I need to review my phyics.

Thanks

Jon

Heres an explanation from a beginner:

Air is a mass. All airplanes have the ability to create thrust. With thrust, the plane pushes against the air (a mass) and the air (mass) pushes back against the plane. Wings are shaped to create lift, like you had described. With thrust, the orientation of the plane does not matter (whether it is upside down or not), as long as it is going in a forward manner. Am i right?

It is all about the angle of attack. Notice that when you fly inverted, you need to add a bit of down elevator to maintain altitude? This isn't because you plane suddenly changed its balance, its because in order to produce lift inverted, you have to raise the nose a bit to increase the angle of attack. I guess in a sense, I might be wrong, that by doing this you are "modifying" the shape or profile (not literally bending) of the wing that is being "presented" to the air?

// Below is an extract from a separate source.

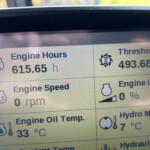 Dashboard panel displaying engine hours 615.65 h and threshing hours 493.68 h with icons nearby.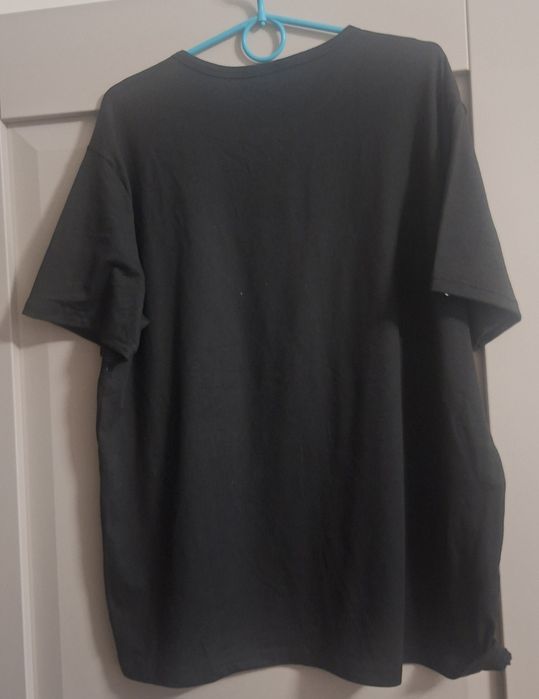 Czarna koszulka świąteczna z nadrukiem Mikołaja i napisem „HO HO HO”.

I might not have worded that statement the best in the world, but there is a good thought behind it anyways! Shoot me down if necassary, I'm not an aeronautical engineer.

Think of a fully symmetrical wing. How does it create lift?

It creates lift by using a positive angle of attack. When inverted, it does the same.

With a flat-bottom wing, a much larger AOA is needed when inverted

You are all hinting around it but not quite hitting it.
Aerodynamics 101.
An airplane flys because of the wing. It is designed so that air takes longer to go over the top of the wing than the bottom and that creates negative air pressure or lift.
OK that is the very basics of it. Now comes symetrical wings. Angle of attack comes in to play more. As you angle the wing in relation to airflow you present a larger surface area on top as compared to bottom resulting in the same negative air pressure or lift.
Inverted flight? same thing and that is why flat bottom wings have more lift and require a higher angle of attack when inverted.
It all boils down to air traveling farther on top (or bottom when inverted) to create lift.

Thanks that is the type of answer I was looking for. I never thought about AOA and the question just buged me.

Thanks againg and hope i did not waste your time

Jon

Sheer force of will and by holding your tongue right.

And enough up elevator (while inverted) to give the wing a proper angle of attack and forward motion enabling it to create more lift on the sky side than the earth side.

There is no such thing as a bad question and it is never a waste of time answering one

Hold on here.. The only thing you need to know about flying inverted is... Up is Down and Down is Up. If you forget this and are in a low pass over the runway you will give your spectators one heck-of-a show

At our clubs 50th anniversary when doing limbo, one pilot was flying under the limbo inverted and went a little too low and little too slow and landed right under the limbo line inverted, not much if any damage to his plane. http://www.tcrconline.com/photos/MAD2007/58.html

Jon

Same reason it flies right side up.

To fly right side up, the wing finds an angle into the airflow that creates lift. We can't see that angle from the ground.

Same thing upside down.

We usually can't see that angle from the ground either on most models. Some you can. In almost every case, to hold altitude when inverted, we have to hold down elevator. Think about that.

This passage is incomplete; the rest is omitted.